Page MenuHomePhabricator

Discourage use of is_null() with PHPCS
Closed, ResolvedPublic

Description

It seems not currently explicitly covered by https://www.mediawiki.org/wiki/Manual:Coding_conventions/PHP, but implicitly by example, at https://www.mediawiki.org/wiki/Manual:Coding_conventions/PHP#isset()

Do not use isset() to test for null. Using isset() in this situation could introduce errors by hiding misspelled variable names. Instead, use $var === null.

However, I've seen people point out in code review about prefering === null over is_null(). Assuming that believe is shared, we should consider enforcing and auto-fixing with PHCPS.

Event Timeline

Krinkle created this task.Jul 17 2018, 7:00 AM
Restricted Application added a subscriber: Aklapper. · View Herald TranscriptJul 17 2018, 7:00 AM

Change 446271 had a related patch set uploaded (by Prtksxna; owner: Prtksxna):
[mediawiki/tools/codesniffer@master] Forbid usage of is_null()

https://gerrit.wikimedia.org/r/446271

How do we do this?
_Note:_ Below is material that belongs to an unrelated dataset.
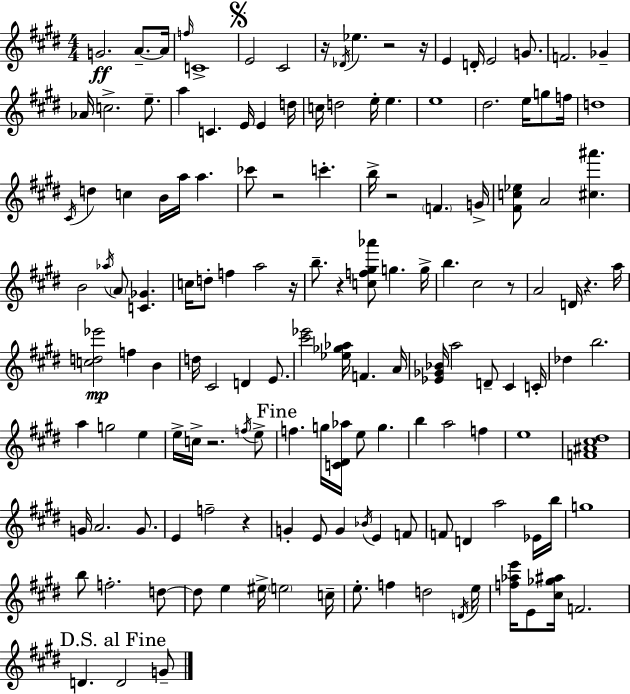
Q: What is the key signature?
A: E major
Make fixes everywhere first?

Krinkle added a comment.EditedJul 18 2018, 6:43 AM

@Prtksxna The mediawiki-codesniffer rule can be changed without worry of breaking stuff or needing to update everywhere first.

We use project-local composer.json and package.json. This means that when a new version of the sniffer package is released, nothing happens at first (which is good). Individual projects can update their codesniffer version at a time that is convenient for them.

When individual projects decide to update their version and find issues, they can update the code during that commit as well, or they can disable the rule in phpcs.xml as part of the commit that increments the codesniffer version (and maybe fix it at a later time, if it is not a high priority).

This process is semi-automated by https://www.mediawiki.org/wiki/Libraryupgrader.

Guys, I honestly don't think this is worth anybodies time. Yes, isset is problematic because of it's hidden semantics. But what is problematic about is_null? Is it not readable? Does it not do what it says it does? What is the gain win by actively forbidding it?

I can even recall situations where is_null makes code actually better readable than === null.

Please don't disallow is_null.

@thiemowmde I haven't portrayed is_null() itself as being problematic. The problem is with tolerating two virtually identical ways to do the same thing.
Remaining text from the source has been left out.